___ STORED DATA ___
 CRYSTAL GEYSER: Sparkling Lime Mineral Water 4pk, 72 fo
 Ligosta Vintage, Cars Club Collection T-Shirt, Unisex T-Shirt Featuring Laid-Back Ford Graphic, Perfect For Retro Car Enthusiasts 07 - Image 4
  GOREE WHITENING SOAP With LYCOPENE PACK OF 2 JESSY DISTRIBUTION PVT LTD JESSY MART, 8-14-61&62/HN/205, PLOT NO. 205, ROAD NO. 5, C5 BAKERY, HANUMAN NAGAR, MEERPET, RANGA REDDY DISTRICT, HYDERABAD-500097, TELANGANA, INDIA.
___
___ STORED DATA ___
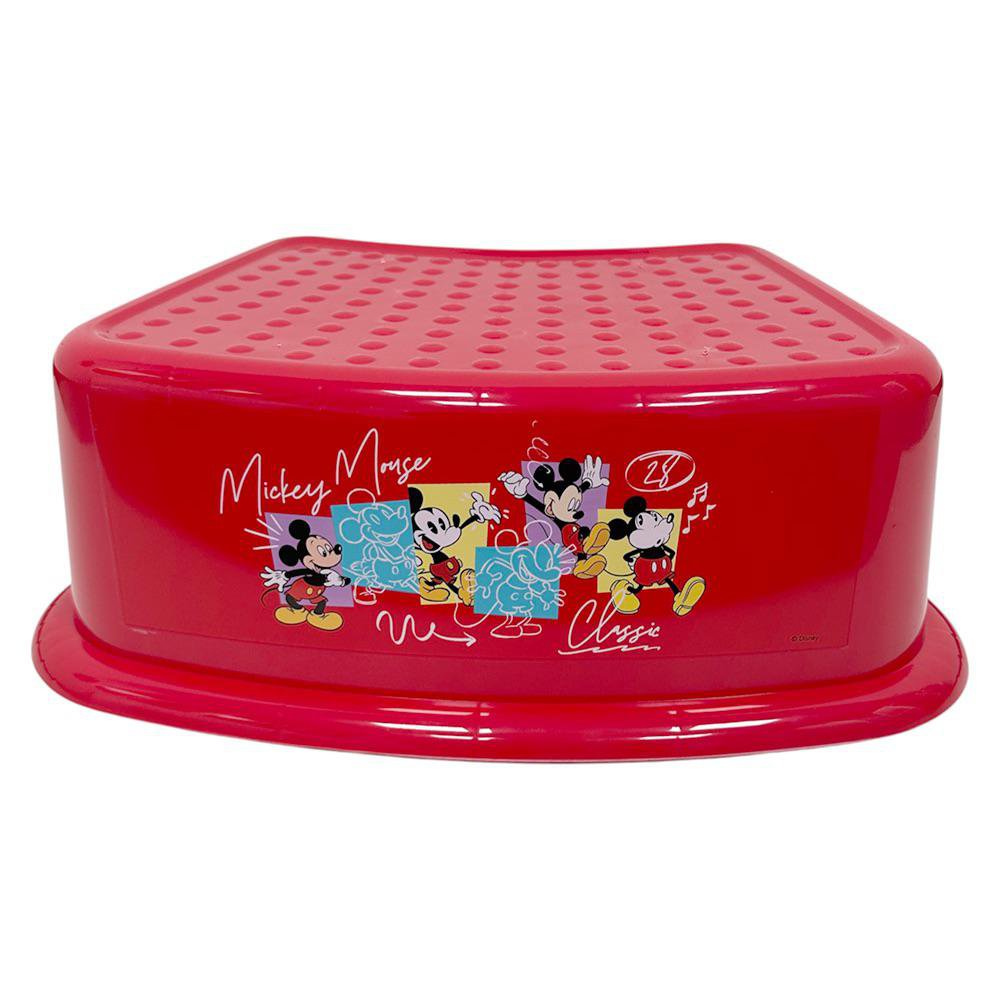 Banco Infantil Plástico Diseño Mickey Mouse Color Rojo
___
___ STORED DATA ___
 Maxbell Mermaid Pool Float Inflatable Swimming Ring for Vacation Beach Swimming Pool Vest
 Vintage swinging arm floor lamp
___
TASK OBJECTIVE →
Both the line containing "Maxbell Mermaid Pool" and the line containing "Vintage swinging arm floor lamp" belong in the answer. Print them and every line above that falls between them exactly, and no others.

ANSWER TO THIS PROBLEM →
 Maxbell Mermaid Pool Float Inflatable Swimming Ring for Vacation Beach Swimming Pool Vest
 Vintage swinging arm floor lamp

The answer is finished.